Stay somewhere you know exactly how things move and don't like that way at all or start from scratch somewhere new where there might be better just as well as they might turn out to be far worse?

Thanks god I'm just a twenties girl and don't need to know answers to that. Soon enough I'll learn what I am to know.

In any case, we're all just students of life. Nobody really knows life - even less understands it. Fact. 

Monday, June 20, 2011

A promise is a promise

 Camomille in the city
 Unknown beauty
 Posing I
 Unknown whatever:)
Posing II
 Ohrid lake 
 Ohrid lake II
Herb

Friday, June 10, 2011

Packed up and left ...

Not for Germany though :) I couldn't decide for a long time when I realized that going on vacation after all this would actually mean putting myself first again. So I did the right thing, what my psychologist and my friends wanted me to do for a while now, packed up some stuff and leave on vacation - and I did it for ME.

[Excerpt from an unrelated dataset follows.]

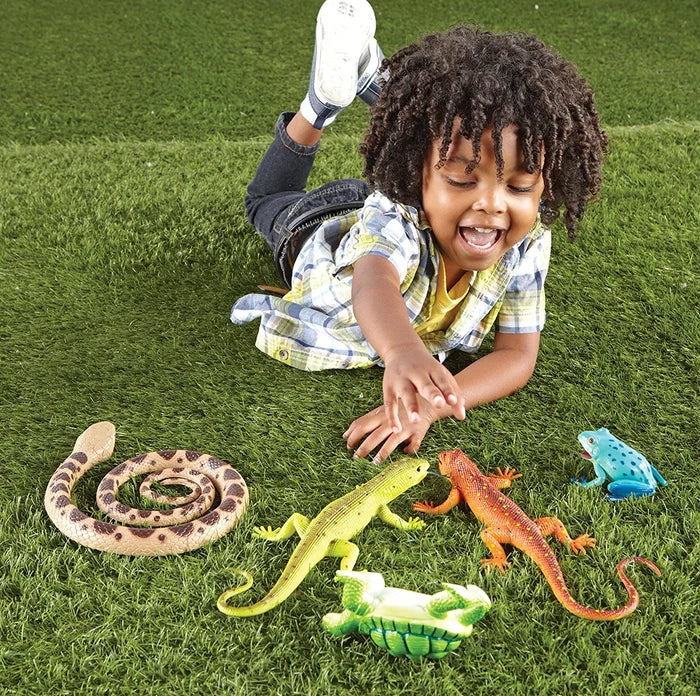 Young boy lying on grass playing with jumbo toy snake, lizards, frog, and turtle.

It feels good, being abroad, not worrying about anyone or anything. It feels good to do what I want. It feels good to be a guest and be served to. It feels good to sit empty-headed simply enjoying the sun. Well, at least it felt good for the first couple of day, then the guilt came back onto my mind, I have to write a paper, I have to work on my final thesis, I have to work on the project, I have to do my job ... Arghh!!! When did those carefree years gone by?? I'm anything but old, I don't even think of myself as an adult, yet for last couple of years I have to count by hand every single time one asks me how old I am. How fast things change!

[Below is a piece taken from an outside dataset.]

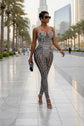 Yembi Fashion black crystal jumpsuit with strapless sweetheart neckline, sheer black nude illusion mesh, and heavy linear silver rhinestone embellishments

Oh well, I worry again about all the stupid little things that eat on our health every day but I having a blast. I LOVE to travel!!! I love to photograph - and I'll share some of my favorite pictures with you! :)

Wednesday, June 1, 2011

Moving ... to Germany?! :S

Gosh, I couldn't have never guessed something like this will happen! Last week, when I was already crazy nervous about an exam that I had to take, my darling boyfriend who's also one on my few friends I have here, at home, told me he's moving to Germany soon. He's been here for couple years now, a foreigner in my home country and now he's moving on.

He got this great opportunity to start on his own, have his own restaurant! It will be a huge adventure but it's an opportunity you grab in a second or let go and wait for years to get another one ... He's the kind of person who GRABS every opportunity he gets and moves on with optimism and smile on his face no matter what happens. I'm everything but that :)

Last couple of weeks he was all nervous and weird because he was waiting for this deal to closed and he didn't want to tell anyone about it until he was sure it'll work. Considering the difference between us ... we were fighting a lot for all possible stupid things in this time. Me, I was preparing to end the relationship. And then boom - he told me the news that explained everything and changed everything!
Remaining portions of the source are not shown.